Andi Pangoriseng juga menyambut positif pelaksanaan kegiatan tersebut. Ia menilai Famtrip Overland menjadi kegiatan yang membanggakan karena mampu mempertemukan berbagai unsur promosi wisata tanpa mengandalkan anggaran pemerintah. “Ini luar biasa. Sepengetahuan kami, kegiatan seperti ini belum pernah dilakukan sebelumnya. Yang lebih membanggakan, kegiatan ini dilaksanakan tanpa menggunakan anggaran pemerintah,” ujarnya.
Sultra Punya “Permata”, Tinggal Bagaimana Membuat Dunia Melihat. Sulawesi Tenggara sejatinya memiliki modal wisata yang lengkap. Ada perbukitan, pantai, pulau, desa wisata, kawasan pertanian, budaya masyarakat hingga olahraga petualangan.
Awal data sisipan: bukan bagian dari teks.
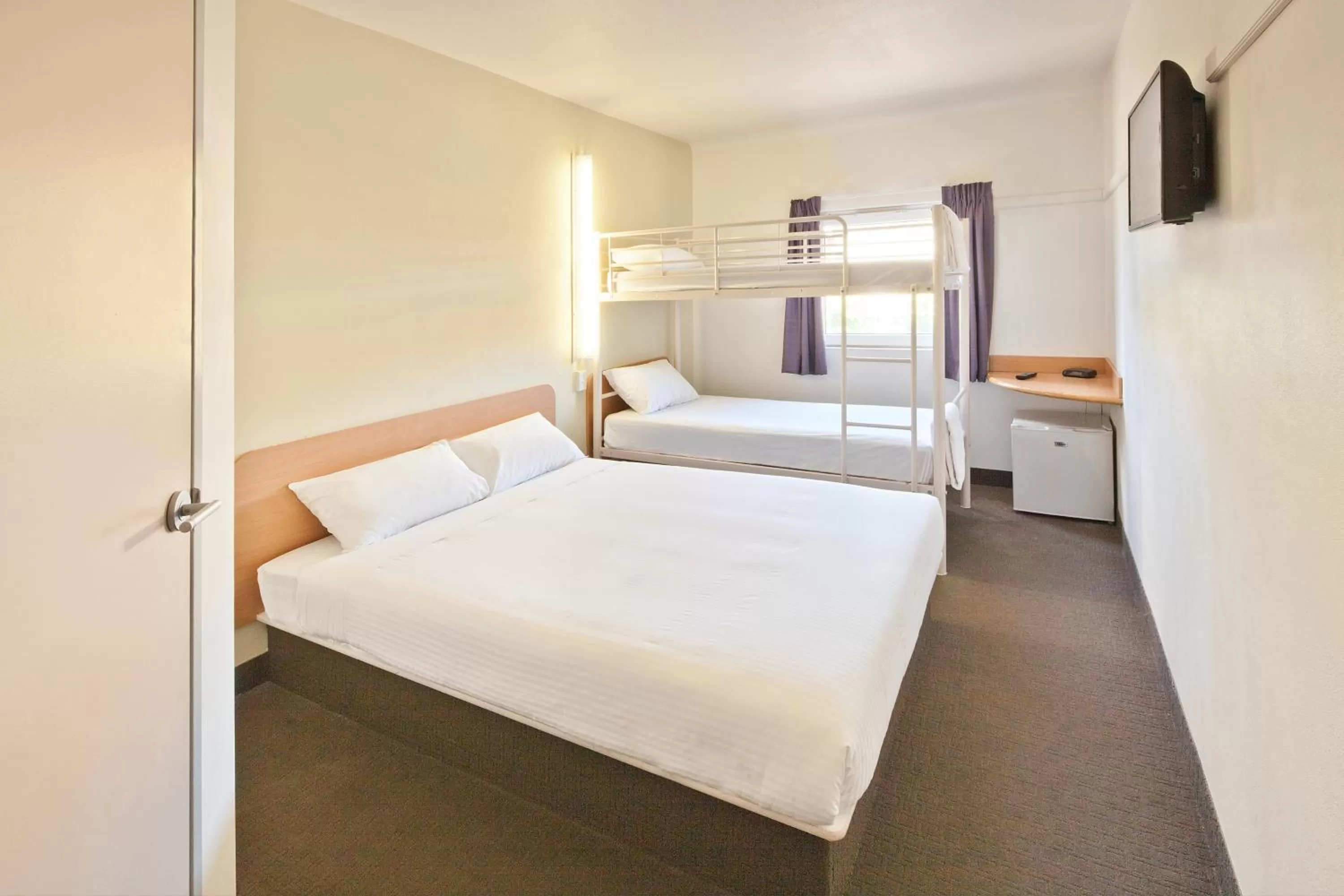 Bed in ibis Budget - Dubbo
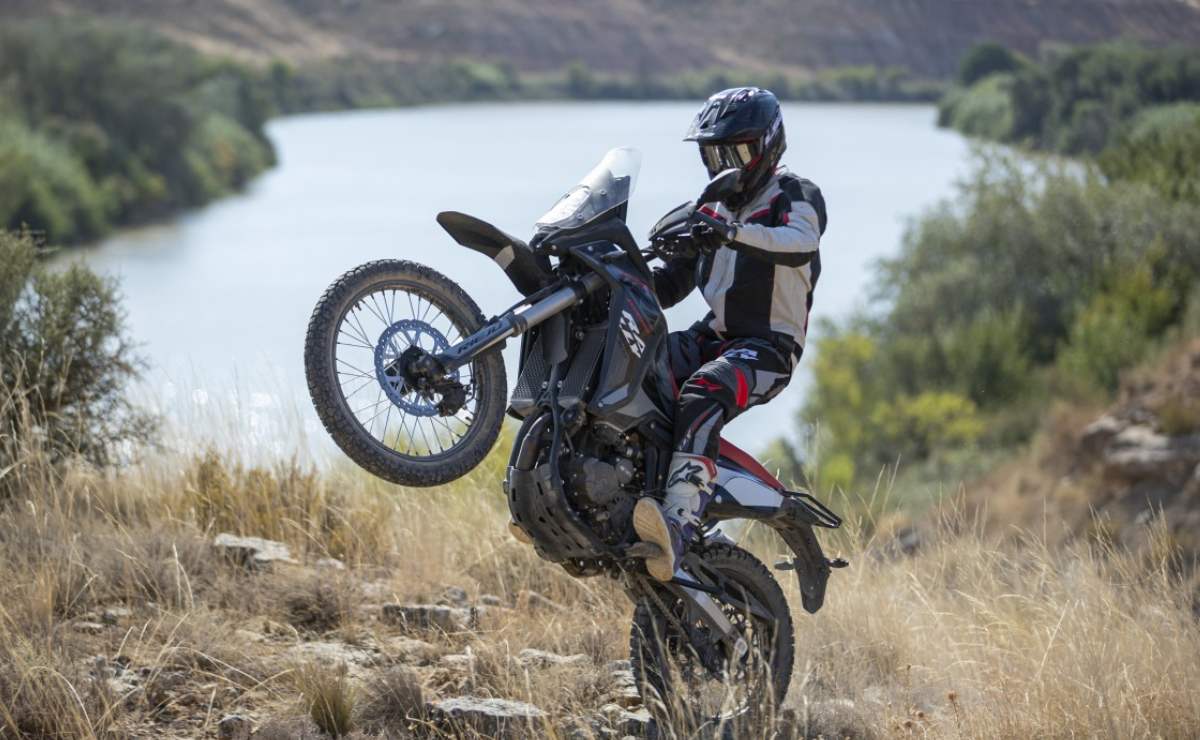 moto trail rieju 300 rally 6 Moto trail Rieju Aventure 300 Rally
Famtrip Overland menunjukkan potensi itu dalam satu perjalanan. Dari lanskap perbukitan Bombana, pesisir Kolaka, hingga kawasan Sani-Sani, peserta melihat wajah Sultra yang tidak tunggal. Potensi tersebut ibarat permata yang telah dimiliki, tetapi belum seluruh sisinya dipoles agar memantulkan cahaya ke luar daerah.
Pemerintah memiliki kewenangan membuka akses dan membangun ekosistem. Pelaku usaha mengembangkan layanan. Komunitas menciptakan pengalaman. Media memperluas cerita. Sementara masyarakat menjadi bagian penting dari wajah destinasi.
Famtrip Overland tiga kabupaten karena itu layak dilihat bukan semata sebagai perjalanan dari satu tempat ke tempat lain. Ini adalah upaya mengubah cara Sultra bercerita tentang dirinya sendiri: dari sekadar daerah yang memiliki objek wisata menjadi daerah yang menawarkan pengalaman wisata.
Jika konsistensi promosi, kesiapan destinasi, keterlibatan masyarakat, dan kolaborasi lintas sektor terus diperkuat, bukan tidak mungkin kekayaan alam Sultra menjadi magnet baru perjalanan wisata di Indonesia. Sebab, dalam industri pariwisata, destinasi yang indah memang penting. Namun, destinasi yang diceritakan dengan baik, dikelola dengan serius, dan memberi manfaat kepada masyarakatlah yang memiliki peluang lebih besar untuk bertahan dan berkembang.
Famtrip Overland 7–9 Agustus 2026 pun menjadi salah satu langkah kecil untuk membuka pintu tersebut. Dan dari Pantai Shaka, cerita tentang kemewahan alam Sultra kembali menemukan panggungnya.